[Image-text web data]

::::

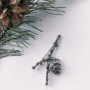 Серебряная брошь «Шишка»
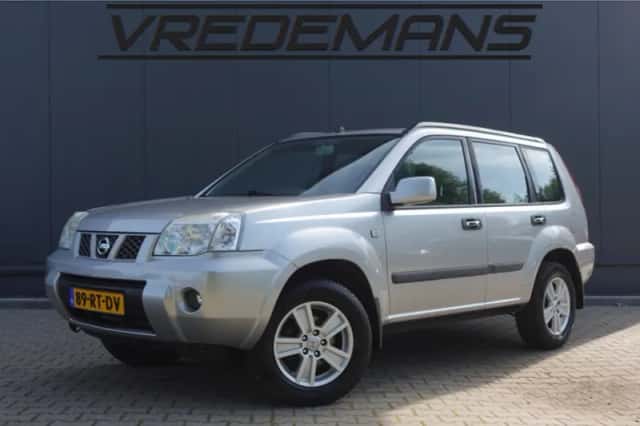 Nissan X-Trail (2005) thumbnail 1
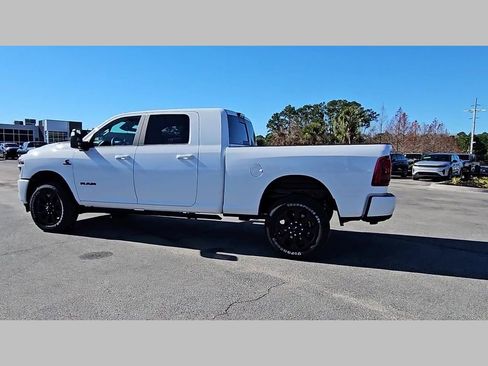 New 2026 RAM 2500 Laramie AWD/4WD image 28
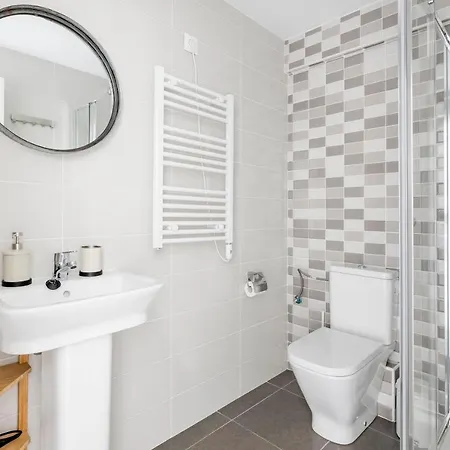 Apartment Cool By Olala Homes *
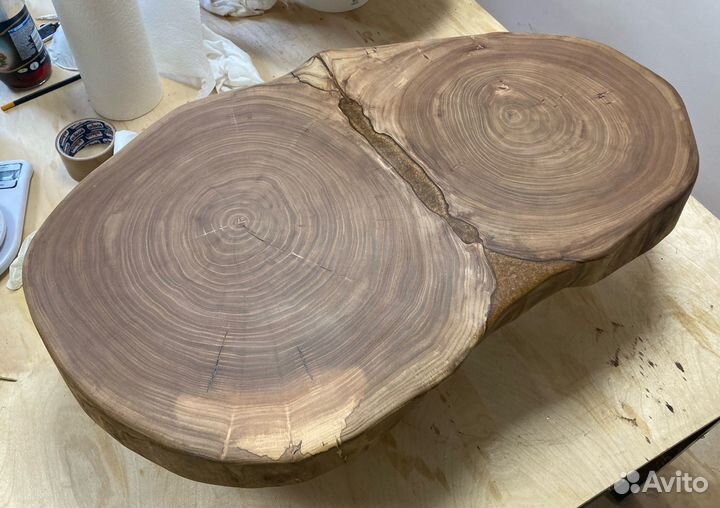 Спилы дерева для столешниц и столиков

::::

WHAT YOU ARE ASKED TO DO:
Restate each entry word for word. Omit every picture.

ANSWER AREA:
 Серебряная брошь «Шишка»
 Nissan X-Trail (2005) thumbnail 1
 New 2026 RAM 2500 Laramie AWD/4WD image 28
 Apartment Cool By Olala Homes *
 Спилы дерева для столешниц и столиков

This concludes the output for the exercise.